As real estate agents, we understand the value of networks. The decision to join a major network or not, for some agents, is simple. For others, it’s a decision fraught with difficulty. For all parties concerned, it’s certainly a decision not made lightly!
When properly structured and well run, major network brands can provide benefits for both parties. However, jumping under the branding umbrella is not an easy route to riches for franchisees, nor is it a panacea for a failing business. Considering the implications of the contractual commitments when joining a network, compared with the isolation of independence, agents need to take a sobering look at their skill set as well as their ambitions and realistically assess their prospect of success under both models.

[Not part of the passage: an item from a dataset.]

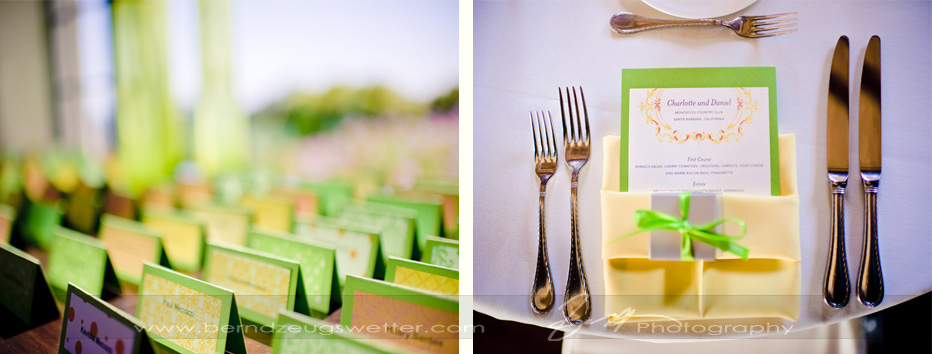 Detail of place cards and table sets at the Montecito Country Club.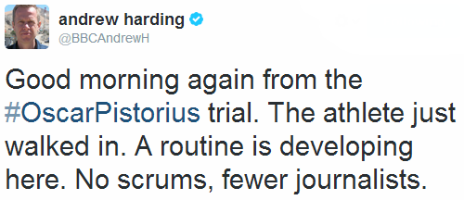 Tweet by the BBC's Andrew Harding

Franchises and Cooperatives in Australia emerged in a significant way in the early 1970’s, mainly under the influence of US fast food systems. Since then, growth in franchising has been nothing short of remarkable, developing and expanding to include virtually every product and service business and becoming a highly significant and dynamic segment of the economy. Between 2006 and 2008, for instance, franchises grew 14.6 per cent in Australia and many of these systems are home grown.
But is joining a network the right choice for you?
There’s a fascinating love/hate relationship that some agents have with their network and mentality plays a crucial role in determining happiness, should you choose that path. While some agents are perfectly suited to the more corporate approach of major brands, for others, it’s perceived as being restrictive, or even stifling. Yet, the alternative of independence, while certainly offering greater entrepreneurial freedom, sometimes exceeds the abilities of even super-salespeople. As agents embarking on a new business quickly discover, there’s much more to success in business than just sales.
The case for
One of the primary benefits offered by networks is training. Even if you consider yourself a thoroughly experienced agent, how effective are your business management and leadership skills? You’ll possibly need as much support in this arena as your staff will in order to hone their sales, property management and administration skills. How will you lift the skills of your employees and what’s your long-term strategy?
Networks allow you to own your own business with the benefit of assistance from the franchisor. You gain from using their well established name and reputation (brand identity). Even better, you can eliminate a lot of setting up expenses as the franchisor has researched and developed not only a range of products and services but also has buying power. This allows you to bypass the years involved in establishing the awareness of a new brand by leveraging off franchisor advertising and promotional activities on a national scale.
The chief advantage that networks bring to estate agency principals is, without doubt, the ability to call upon the expertise of corporate staff, while remaining self employed. This can greatly reduce risk. Additionally, there’s a team of operational field staff readily available to assist with problems.
There are other battlegrounds where networks hold significant advantages for franchisees, namely, technology. Networks of any substance deploy significant resources to develop proprietary technologies to put their agents ahead of competitors. A quality website can cost $10,000, just to get you started, then maintenance and regular updates come at additional cost. However, not so if you belong to a network. Networks tend to either absorb you into their website system or offer independent websites at vastly reduced costs.
Search engine optimisation (SEO) is another field that simply cannot be ignored. It’s wonderful to have a website that offers a sublime customer experience but it’s not effective if it appears on page three of Google’s search results. It’s top ten or bust these days and tomorrow will bring even greater challenges. SEO has a significant impact on your bottom line. Without experts working on your behalf, you risk sinking into oblivion.